Reputation: 918
import pandas as pd
import numpy as np
pd.DataFrame(
{'a':[0,1,2,3],
'b':[np.nan, np.nan, np.nan,3]}
).apply(lambda x: x> 1)
returns me False
for the column b, whereas I would like to get NaN?
a b
0 False False
1 False False
2 True False
3 True True
Expected
a b
0 False NaN
1 False NaN
2 True NaN
3 True True
I'd really like my arithmetics to keep track of where I had data and where not, how might I achieve that?
Upvotes: 1
Views: 230
Reputation: 862681
Use DataFrame.mask
or DataFrame.where
with DataFrame.isna
or DataFrame.notna
:
df = df.apply(lambda x: x> 1).mask(df.isna())
#df = df.apply(lambda x: x> 1).where(df.notna())
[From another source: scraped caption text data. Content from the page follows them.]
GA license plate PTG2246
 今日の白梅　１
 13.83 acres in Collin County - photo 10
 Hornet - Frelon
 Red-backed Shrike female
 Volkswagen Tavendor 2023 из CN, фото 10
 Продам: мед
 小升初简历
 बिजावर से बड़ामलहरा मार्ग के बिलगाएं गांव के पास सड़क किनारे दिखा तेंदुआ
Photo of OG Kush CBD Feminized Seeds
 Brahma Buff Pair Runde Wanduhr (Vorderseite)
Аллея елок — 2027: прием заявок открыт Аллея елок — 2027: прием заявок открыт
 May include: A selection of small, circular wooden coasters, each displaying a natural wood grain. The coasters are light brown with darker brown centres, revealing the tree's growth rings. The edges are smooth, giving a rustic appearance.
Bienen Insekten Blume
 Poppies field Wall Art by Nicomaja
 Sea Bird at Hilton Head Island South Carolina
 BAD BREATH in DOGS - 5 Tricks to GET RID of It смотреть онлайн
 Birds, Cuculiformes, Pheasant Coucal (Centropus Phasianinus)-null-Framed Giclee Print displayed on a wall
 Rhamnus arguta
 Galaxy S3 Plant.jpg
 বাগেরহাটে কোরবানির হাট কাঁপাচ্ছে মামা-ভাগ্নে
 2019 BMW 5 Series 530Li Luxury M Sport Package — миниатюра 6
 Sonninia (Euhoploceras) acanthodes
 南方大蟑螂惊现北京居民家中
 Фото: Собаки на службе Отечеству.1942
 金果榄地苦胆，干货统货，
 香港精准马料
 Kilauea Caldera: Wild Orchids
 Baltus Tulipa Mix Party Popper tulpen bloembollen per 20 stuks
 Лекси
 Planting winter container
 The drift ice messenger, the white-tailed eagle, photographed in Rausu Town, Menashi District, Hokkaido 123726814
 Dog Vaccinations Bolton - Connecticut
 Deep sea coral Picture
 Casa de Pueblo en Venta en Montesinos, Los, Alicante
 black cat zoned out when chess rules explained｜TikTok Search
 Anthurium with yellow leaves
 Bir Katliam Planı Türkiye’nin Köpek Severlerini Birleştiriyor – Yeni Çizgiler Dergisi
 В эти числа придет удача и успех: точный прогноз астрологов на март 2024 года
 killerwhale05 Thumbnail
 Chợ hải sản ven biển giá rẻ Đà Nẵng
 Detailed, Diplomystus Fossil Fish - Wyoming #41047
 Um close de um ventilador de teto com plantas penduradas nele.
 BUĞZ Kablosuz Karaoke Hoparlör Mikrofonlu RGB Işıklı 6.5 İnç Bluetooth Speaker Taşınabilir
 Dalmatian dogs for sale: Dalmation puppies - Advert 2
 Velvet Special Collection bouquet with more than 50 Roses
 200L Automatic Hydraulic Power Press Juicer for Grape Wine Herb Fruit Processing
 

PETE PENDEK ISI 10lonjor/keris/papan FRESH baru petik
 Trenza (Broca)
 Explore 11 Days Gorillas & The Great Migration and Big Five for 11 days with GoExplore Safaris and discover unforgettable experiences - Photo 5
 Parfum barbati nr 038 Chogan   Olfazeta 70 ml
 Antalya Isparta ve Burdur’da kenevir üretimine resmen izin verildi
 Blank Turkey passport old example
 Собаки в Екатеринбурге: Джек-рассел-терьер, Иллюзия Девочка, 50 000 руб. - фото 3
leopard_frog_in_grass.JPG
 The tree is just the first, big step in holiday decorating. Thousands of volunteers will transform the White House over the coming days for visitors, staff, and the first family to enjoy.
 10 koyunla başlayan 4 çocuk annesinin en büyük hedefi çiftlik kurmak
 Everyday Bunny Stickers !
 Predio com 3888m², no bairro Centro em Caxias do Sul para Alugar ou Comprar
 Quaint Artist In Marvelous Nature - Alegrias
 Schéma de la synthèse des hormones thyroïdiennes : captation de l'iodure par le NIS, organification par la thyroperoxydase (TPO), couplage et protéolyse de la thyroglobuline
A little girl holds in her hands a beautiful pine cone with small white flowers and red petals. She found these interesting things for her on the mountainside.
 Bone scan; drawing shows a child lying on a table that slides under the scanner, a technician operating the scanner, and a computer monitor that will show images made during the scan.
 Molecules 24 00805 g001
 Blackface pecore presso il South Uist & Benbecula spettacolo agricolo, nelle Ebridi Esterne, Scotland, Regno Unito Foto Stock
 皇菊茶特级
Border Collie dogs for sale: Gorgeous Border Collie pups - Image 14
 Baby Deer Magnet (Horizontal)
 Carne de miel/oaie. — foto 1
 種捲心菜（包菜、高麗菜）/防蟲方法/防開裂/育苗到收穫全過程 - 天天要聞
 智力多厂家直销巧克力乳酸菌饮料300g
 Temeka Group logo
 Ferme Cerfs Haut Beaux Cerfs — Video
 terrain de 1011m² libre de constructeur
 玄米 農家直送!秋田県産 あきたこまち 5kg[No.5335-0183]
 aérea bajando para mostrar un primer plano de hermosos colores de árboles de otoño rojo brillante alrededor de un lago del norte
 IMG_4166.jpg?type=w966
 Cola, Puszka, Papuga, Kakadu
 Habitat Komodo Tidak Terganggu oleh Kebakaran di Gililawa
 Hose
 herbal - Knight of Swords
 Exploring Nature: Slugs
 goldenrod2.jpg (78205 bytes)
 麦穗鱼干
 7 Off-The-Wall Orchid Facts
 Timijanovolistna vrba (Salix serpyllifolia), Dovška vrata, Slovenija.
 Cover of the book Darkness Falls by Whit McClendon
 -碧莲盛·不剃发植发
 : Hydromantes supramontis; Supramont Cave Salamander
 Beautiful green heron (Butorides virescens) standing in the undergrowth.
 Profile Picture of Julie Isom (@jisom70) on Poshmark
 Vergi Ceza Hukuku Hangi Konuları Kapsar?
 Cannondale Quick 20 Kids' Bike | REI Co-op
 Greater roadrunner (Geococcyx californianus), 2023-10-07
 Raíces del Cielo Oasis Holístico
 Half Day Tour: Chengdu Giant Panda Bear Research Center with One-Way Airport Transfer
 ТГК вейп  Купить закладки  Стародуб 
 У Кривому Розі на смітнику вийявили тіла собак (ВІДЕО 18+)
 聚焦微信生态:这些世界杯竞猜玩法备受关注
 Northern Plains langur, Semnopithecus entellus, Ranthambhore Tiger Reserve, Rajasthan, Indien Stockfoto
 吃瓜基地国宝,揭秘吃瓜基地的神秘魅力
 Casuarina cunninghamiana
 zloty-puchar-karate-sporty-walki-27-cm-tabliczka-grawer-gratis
For better performance avoid apply
:
df = (df > 1).mask(df.isna())
#df = (df > 1).where(df.notna())
print (df)
a b
0 False NaN
1 False NaN
2 True NaN
3 True 1.0
Last use nullable boolean:
df = df.astype('boolean')
print (df)
a b
0 False <NA>
1 False <NA>
2 True <NA>
3 True True
Upvotes: 1